WORK REQUIRED: The output is the lines below from the one with "Heavy Duty Outdoor" through the one with "Golden Dyeable Swarovski", both included, printed exactly and with no other line.

RECORDS TO PROCESS:
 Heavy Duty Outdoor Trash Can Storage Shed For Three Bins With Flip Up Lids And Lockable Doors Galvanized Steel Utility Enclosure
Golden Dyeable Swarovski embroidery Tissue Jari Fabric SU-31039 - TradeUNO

--

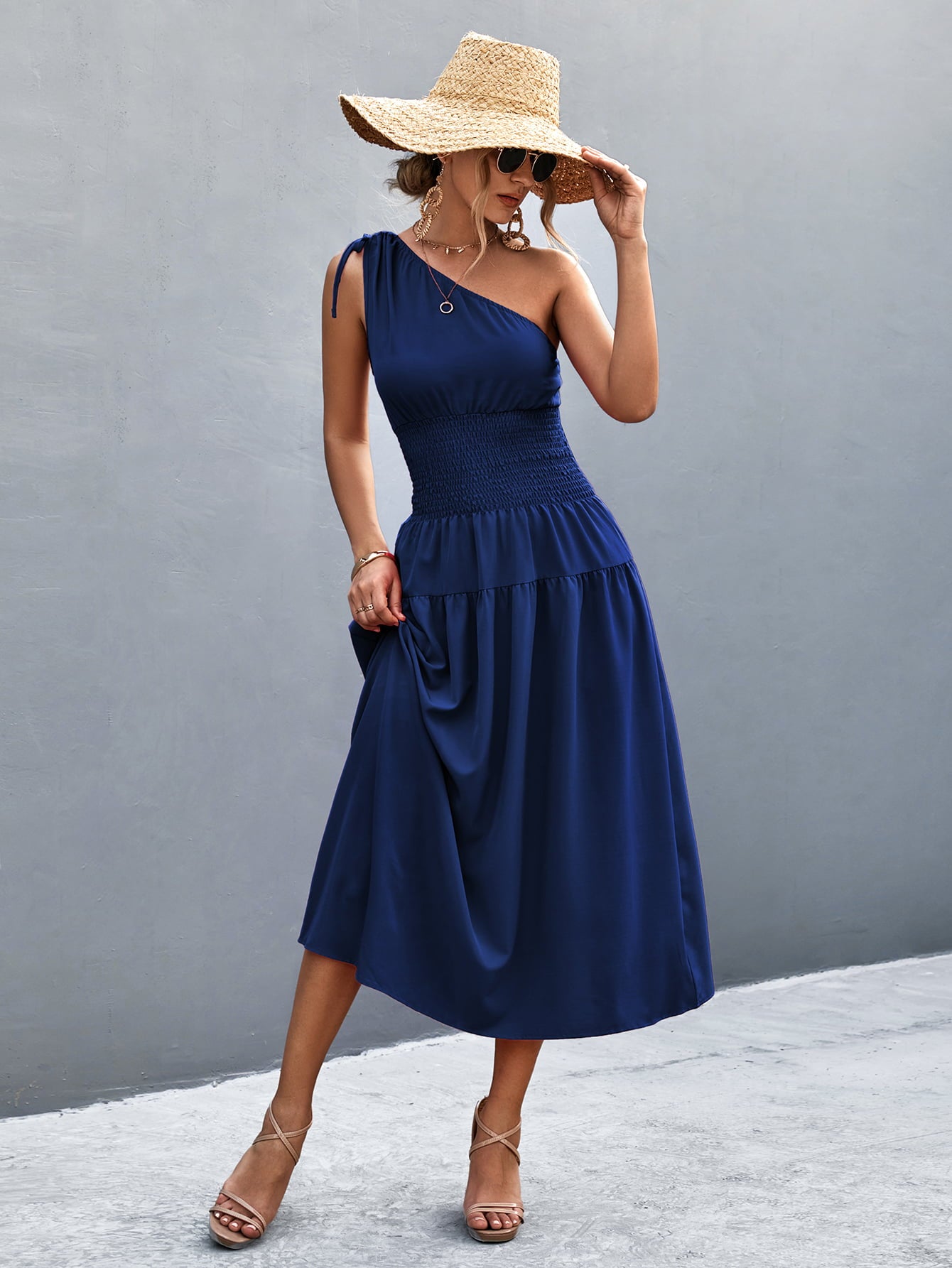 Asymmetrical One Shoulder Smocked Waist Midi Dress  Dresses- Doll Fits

==

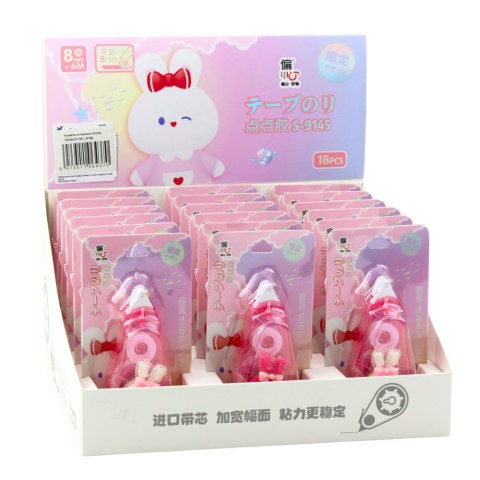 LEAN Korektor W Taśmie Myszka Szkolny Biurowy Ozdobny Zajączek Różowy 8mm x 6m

RESULT:
 Heavy Duty Outdoor Trash Can Storage Shed For Three Bins With Flip Up Lids And Lockable Doors Galvanized Steel Utility Enclosure
Golden Dyeable Swarovski embroidery Tissue Jari Fabric SU-31039 - TradeUNO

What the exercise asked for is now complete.